Provided information
========================================================================
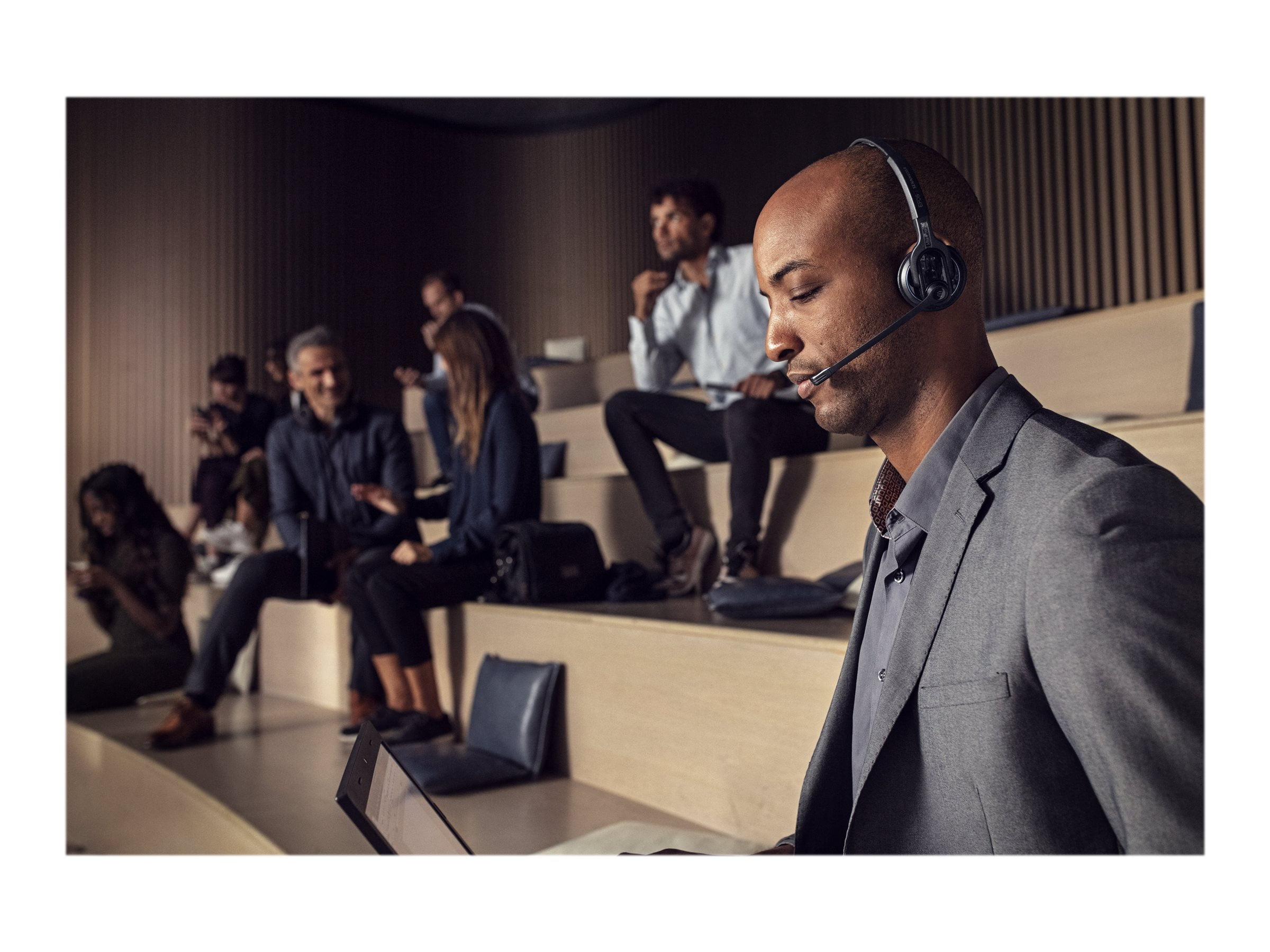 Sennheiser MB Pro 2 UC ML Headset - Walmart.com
========================================================================
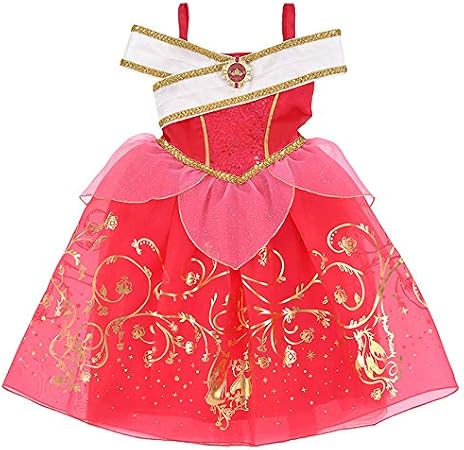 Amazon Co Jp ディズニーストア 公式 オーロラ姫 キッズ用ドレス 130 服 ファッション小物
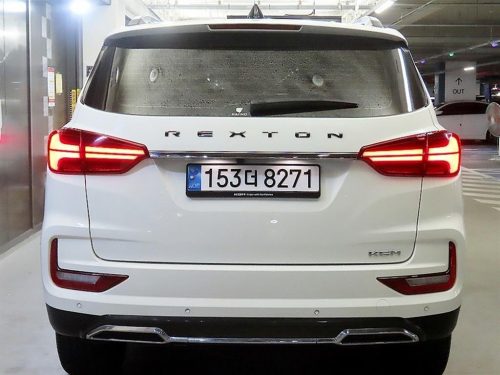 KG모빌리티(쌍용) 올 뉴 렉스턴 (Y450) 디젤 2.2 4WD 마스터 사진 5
========================================================================
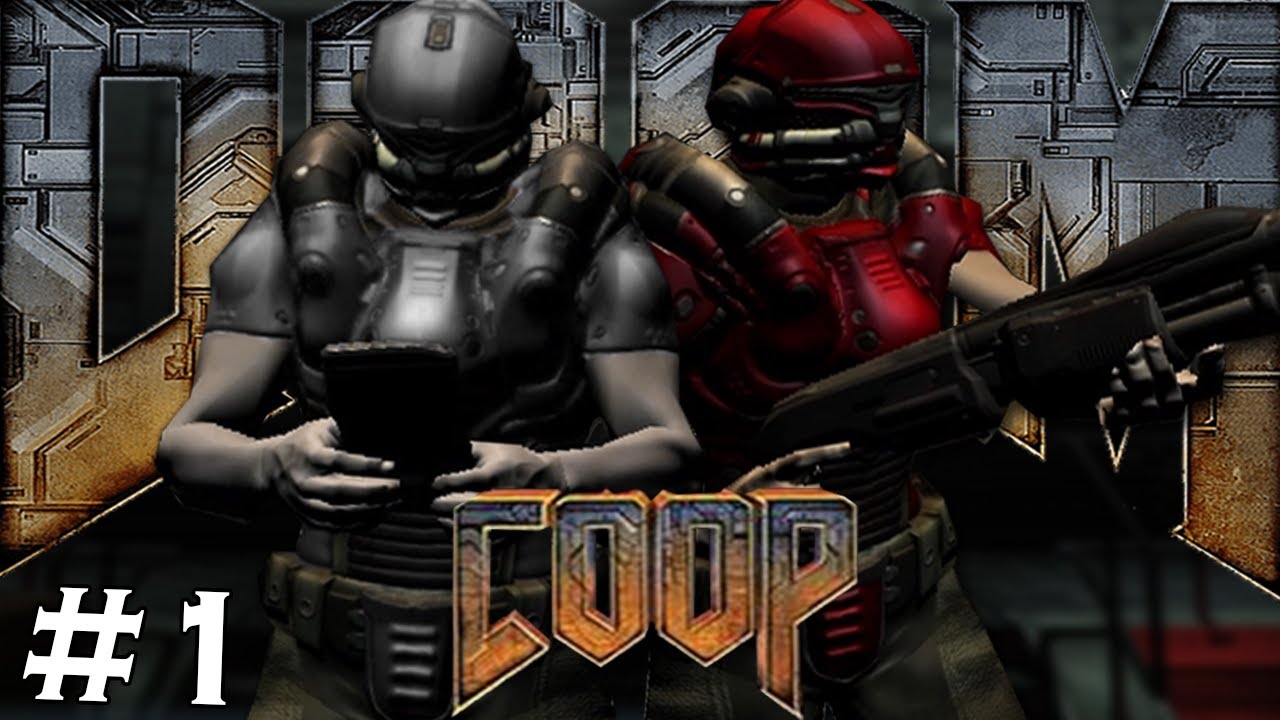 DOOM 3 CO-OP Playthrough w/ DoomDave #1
========================================================================
Problem requirements
Above are some records. Output exactly the lines from the one that contains "Amazon Co Jp" to the one that contains "KG모빌리티(쌍용) 올 뉴", keeping both, and omit the pictures.

Response for this exercise
 Amazon Co Jp ディズニーストア 公式 オーロラ姫 キッズ用ドレス 130 服 ファッション小物
 KG모빌리티(쌍용) 올 뉴 렉스턴 (Y450) 디젤 2.2 4WD 마스터 사진 5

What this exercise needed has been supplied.